The petrol engine feels laggy at lower rpms (under 1,800) as the turbo spools up but offers good mid-range grunt thanks to the torque which in turn makes drivers want to mash the pedal down. The engine redlines at 6,000rpm in Sports mode and drivers will have to keep the revs up and overtaking manoeuvres usually require a downshift. Tata has managed to keep NVH levels down and has kept the buzzy three-cylinder under control.
The diesel engine on the other hand is an all-new powerplant. The 1.5-litre four-cylinder turbocharged engine produces 108.5bhp @ 3,750rpm and 260Nm of torque @ 1,500 - 2,750rpm. The diesel engine pulls easily from low rpms and power delivery is linear. However, past 3,500rpm to its red-line of 4,500rpm there is a noticeable drop in power.
The low and mid-end grunt makes the diesel the perfect car for the city though, in sixth gear at highway cruising speeds, the engine barely seems to break into a swat, which should do the mileage figures no harm. The diesel engine is extremely refined for the segment and noise and vibes are kept low
The steering wheel on the Tata Nexon is light which is perfect for city streets where most Nexons will find themselves. At high speeds, it does weigh up though the feedback isn't the best especially when you fling the Nexon into a corner at speed. The clutch is exceptionally light though the gear shifter isn't the best around and shifting through the gears can be notchy at times.
The suspension setup on the new Tata Nexon smothers bumps and potholes on the road with ease which makes for an exceptionally smooth ride.
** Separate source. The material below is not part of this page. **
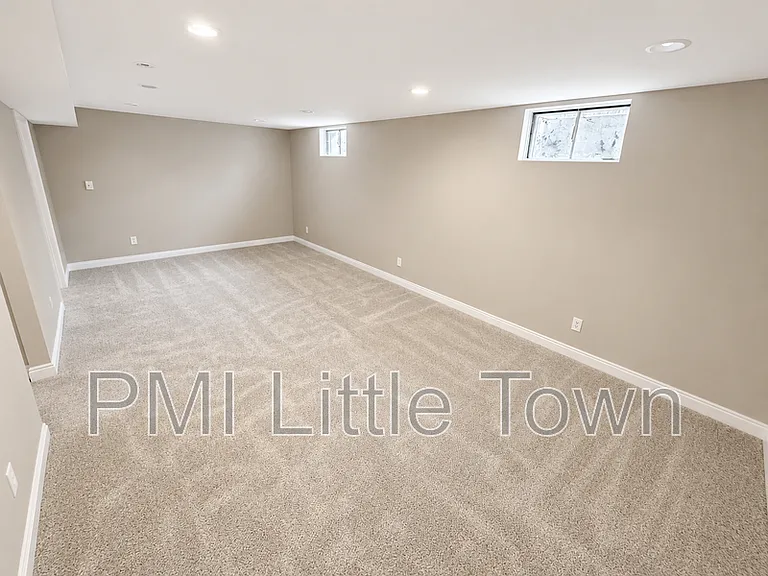 5561 S Cedar St — Photo 30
However, despite the softer setup along with the best in class ground clearance of 209mm (unladen), body roll is kept under control.
|Price (estimated)||Rs 6–9.5 lakh|
|Engine (petrol)||1,198cc three-cylinder turbo petrol/ 1,497cc four-cylinder turbo diesel|
|Power/Torque (petrol)|| |
108.5bhp @ 5,000rpm/ 170Nm @ 1750-4,000rpm
|Power/Torque (diesel)||108.5bhp @ 3,750rpm/ 260Nm @ 1,500-2,700rpm|
|Fuel Tank Capacity||44 litres|
|Ground Clearance (unladen)||209mm|
|Weight||1237kg (petrol)/ 1305kg (diesel)|
|Tyres||Goodyear 215/60 R16|
The Nexon's brings with it a rebellious and youthful design which when combined with the new engines, and space on offer both in the cabin and the boot make it a compelling package for the Indian car buyer looking to get into the SUV game.
If Tata continues with its aggressive pricing strategy (prices are expected to start at Rs 6 lakh for the base petrol variant with the top spec diesel expected to retail for around Rs 10 lakhs ex-showroom), it could well have another success story on its hands considering how well the nation's car buyers reacted to the Tiago and the Tigor.
Dennis James Thinks!
The Tata Nexon is proof that no matter how different a concept may look, making it into a production with minimal changes in design is just a matter of a company keeping its word. The Tata Nexon looks different and it provides a welcome relief to the boxy world of SUVs currently on sale in India.
The Nexon had me with its design, but combine the good looks with the compelling features and space on the inside and the engines on offer and Tata has a compact SUV that will be very hard to ignore in an aggressive compact SUV market like India, especially with that new diesel engine.
Did You Know?
- Tata Motors was founded in 1945 as a locomotive manufacturer.
- Tata Motors manufactured its first commercial vehicle in 1954 in a collaboration with Daimler-Benz AG (what is now the parent company of Mercedes-Benz).
- The first passenger vehicle from Tata Motors was an SUV called the Sierra which was in production from1991-2000.